The primary role of periodontal therapy is firstly to save existing teeth, and secondly replace missing teeth. During initial evaluations of the patient, as well as during the course of treatment, hopeless teeth and other teeth needing extraction can be identified.
Frequently, hopeless teeth can only be identified while you’re performing a periodontal surgical procedure. Extractions should necessarily be performed to facilitate the coordinated treatment plan.
Extractions are most often performed during the diagnostic, non-surgical, or surgical phase of care to eliminate pain, infection, or periodontal defects and/or to facilitate restorative treatment.
During the surgical phase of treatment, periodontal defects may be corrected by extracting adjacent teeth.
For the purpose of placing dental implants, teeth may also be extracted.
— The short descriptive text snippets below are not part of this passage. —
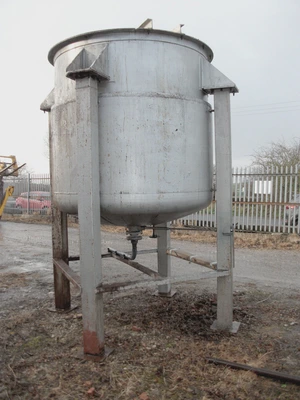4,250 L S/S JKTD Mixing Tank 4Kw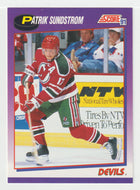 Patrik Sundstrom - New Jersey Devils (NHL Hockey Card) 1991-92 Score American # 117 Mint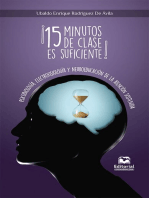 ¡15 minutos de clase es suficiente! Psicobiología, Electrofisiología y Neuroeducación de la Atención Sostenida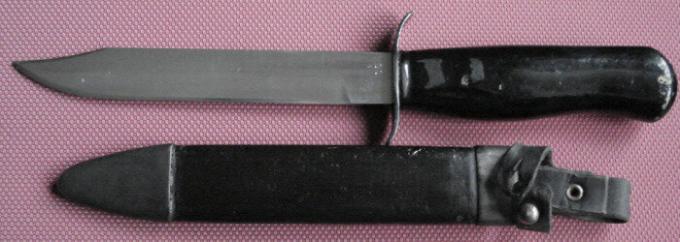 6 legendarni noži, eden od katerih mora biti samostojno spoštovanju človeka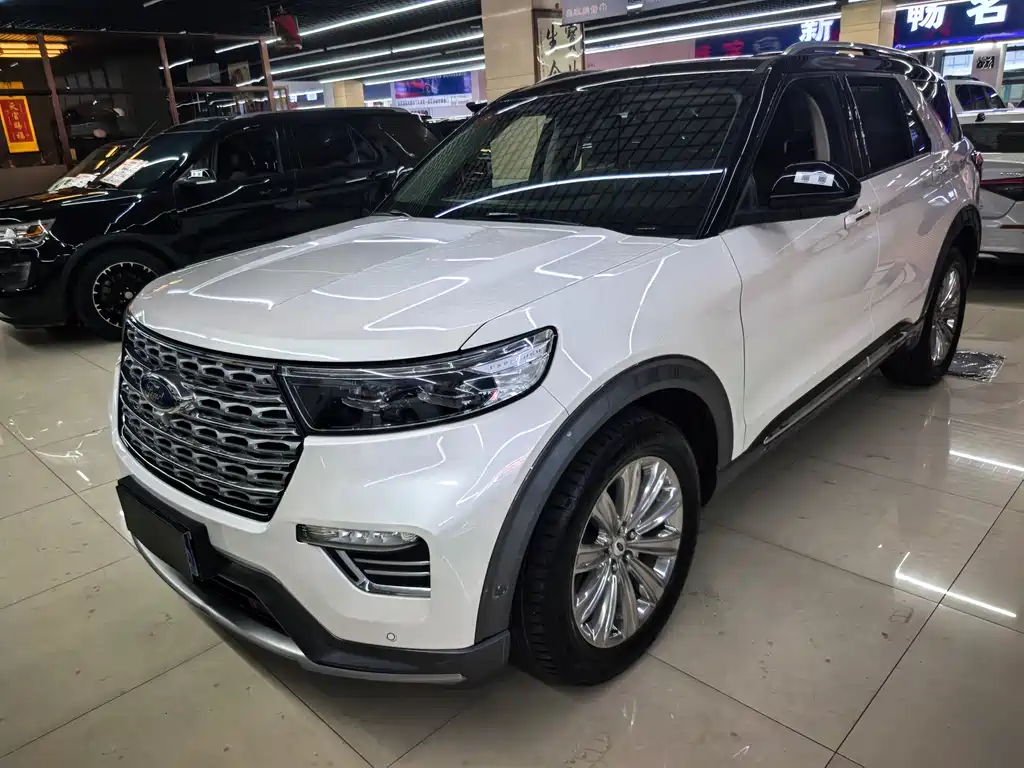 Ford Explorer 2021 — фото 2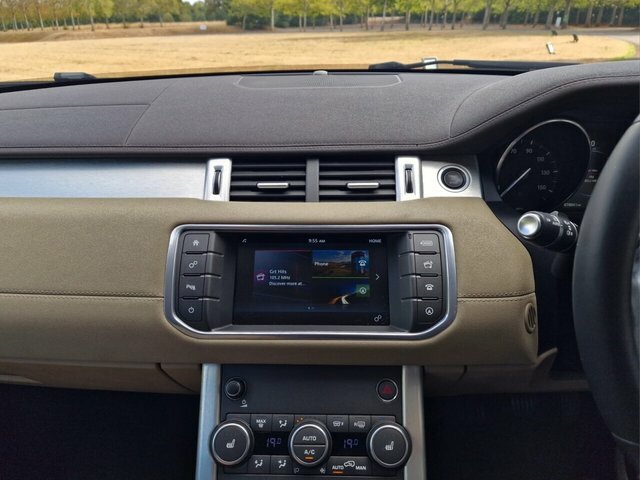 Land Rover Range Rover Evoque Sd4 Dynamic Black #13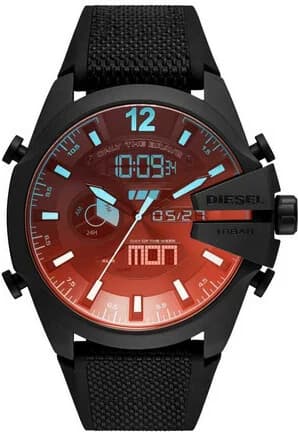 Montre Diesel DZ4548 homme détail cadran noir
Implant site development or actual implant placement should be accomplished as soon after tooth extraction as is proper and appropriate.
The use of judicious extraction techniques for ridge preservation may be necessary for the preservation of bone for prosthetic appliances or for future implant placement.
During maintenance therapy, teeth that have lost periodontal attachment and bone may require extraction. Other reasons to extract teeth include treatment of acute periodontal lesions and occlusal trauma, for example.
Tooth extraction, during the course of periodontal therapy, and in preparation for the placement of dental implants, is a necessary and integral part of periodontal practice and provides treatment advantages to the patient, dentist, and periodontist.